= Basque education system =

Education in the Basque Autonomous Community is entirely free from the age of 3 to 16, and compulsory between 6 and 16. The majority of students are educated in the Basque language.

==Levels of schooling==
Education is divided into four levels:
- Infant education (first cycle): for children aged 0–3 — optional and
- Infant education (second cycle): for children aged 3–6 — optional and free;
- Primary education: for children aged 6–12 — compulsory and free;
- Secondary education: for children aged 12–16 — compulsory and free. Upon completion of this level of schooling, students with satisfactory grades have the option to continue their education for two additional years. Students will either pursue academic study in preparation for university entrance examinations, or follow a professional training course. Those who fall short of the satisfactory grades may attend professional initiation programmes as a precursor to entering the job market.

==Higher education==
In addition to many institutions which specialise in vocational training, the Basque country boasts four universities:
- The publicly-owned University of the Basque Country;
- The Jesuit, privately-owned University of Deusto;
- The privately-owned University of Mondragón, part of the Mondragón Corporación Cooperativa;
- The privately-owned European University Gasteiz.
Additionally, the privately-owned, Opus Dei-governed University of Navarre has a campus in San Sebastián.

==Ikastolak==
In the mid- to late 1960s, Basque language schools began to spring up all over the Southern Basque Country starting in nurseries and primary education. The new autonomous community of the Basque Country was granted autonomous powers with regard to education following the death of Franco in 1975, and the option of an education entirely in Basque in schools called ikastolak took a legal status. There are four types of school differentiated by their linguistic teaching models:

- Type X: education is entirely in Spanish;
- Type A: education is entirely in Spanish, with Basque as a compulsory subject;
- Type B: education is partly in Basque, partly in Spanish (usually mathematics and reading/writing);
- Type D: education entirely in Basque, with Spanish as a compulsory subject.

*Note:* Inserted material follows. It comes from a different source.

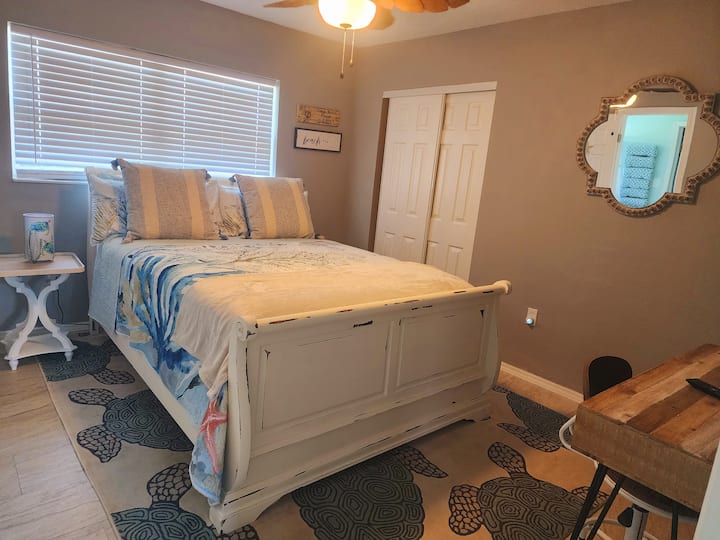 La chambre principale dispose d'un lit confortable.  Il y a un bureau pour vos besoins professionnels ou Internet.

In 2024, 83% of children enrolling to infant education chose type D, while 14% chose type B, and 2% chose type A. This data reflects a growing trend of more students opting for an education with Basque, instead of Spanish, as the teaching language.

==Quality of education==
According to the 2022 PISA report, Basque students have, on average, better mathematical competences than their Spanish, EU, and OECD peers. Reading and scientific competences are, on the other hand, similar to their Spanish, EU, and OECD counterparts.